AI Frameworks for Biological Science (DRAFT)

The Genomic Science program supports AI and machine learning capabilities to explore new concepts for genomics-based research that will underpin innovation in biotechnology

DOE Genesis Mission

DOE has launched the Genesis Mission to dramatically accelerate scientific discovery and engineering through the strategic integration of artificial intelligence. Genesis is building an integrated platform connecting DOE supercomputers, experimental facilities, AI systems, and unique datasets across the sciences—including BER-relevant biotechnology and critical minerals and materials research. Two key Genesis components are (1) the American Science Cloud (AmSC) and the Transformational AI Models Consortium (ModCon) (link not yet available). AmSC is developing a secure, federated, science-optimized environment that integrates DOE’s computing and experimental facilities, data resources, and high-performance networks. ModCon will build and deploy self-improving AI models that advance science, engineering, and energy missions by harnessing DOE’s unique data, facilities, and expertise.

Screenshot 2025 03 13 At 9.01.41 am

AI and Systems Biology

Biology has increasingly become a quantitative science, driven by massive biotechnology advances and the proliferation of related omics data, including genome sequencing, annotation, and imaging information that crosses scales, systems, and environments. An ongoing challenge is to make these stovepiped, nonstandardized data types, libraries, metadata systems, and search systems integrated, accessible, and usable by the broader research community.

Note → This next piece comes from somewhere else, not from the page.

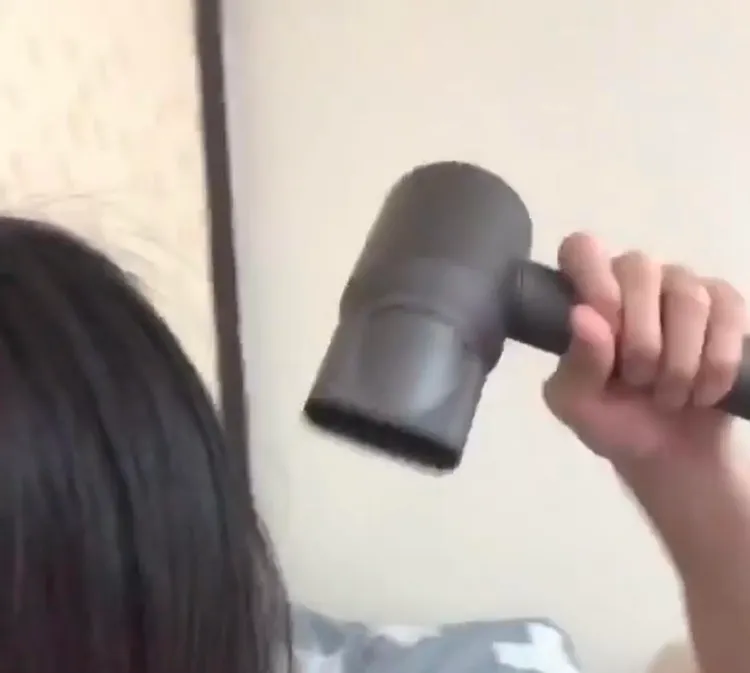 C小姐曾po出疑似胡凱翔為她吹乾頭髮的甜蜜影片。
翻攝C小姐IG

The Genesis platform, including data and AI initiatives supported by the Genomic Science program, offers a unique and timely opportunity to address these challenges and enable researchers to develop next-generation tools and models that can transform fundamental biological understanding. These capabilities could uncover insights into how genomic information in plants and microorganisms is translated into molecular function, how function shapes physiology, and how physiology scales to influence macroscale processes.

These insights—derived by combining the power of AI with mature genome sequencing, genome editing, and lab automation capabilities—are expected to unleash and empower a new U.S. bioeconomy. Opportunities include (1) advancing predictive understanding and manipulation of biological systems, (2) enabling researchers to organize and simulate biological processes across vast scales, and (3) facilitating the discovery and design of new behaviors, mechanisms, and biological processes relevant to DOE missions.

BRIDGE: BER Data Lakehouse

With the goal of developing a unified data ecosystem, BER in FY24 launched the primary component of its AI infrastructure: the BRIDGE (Biological and EnviRonmental Infrastructure for Data ManaGement and Exploration) Data Lakehouse.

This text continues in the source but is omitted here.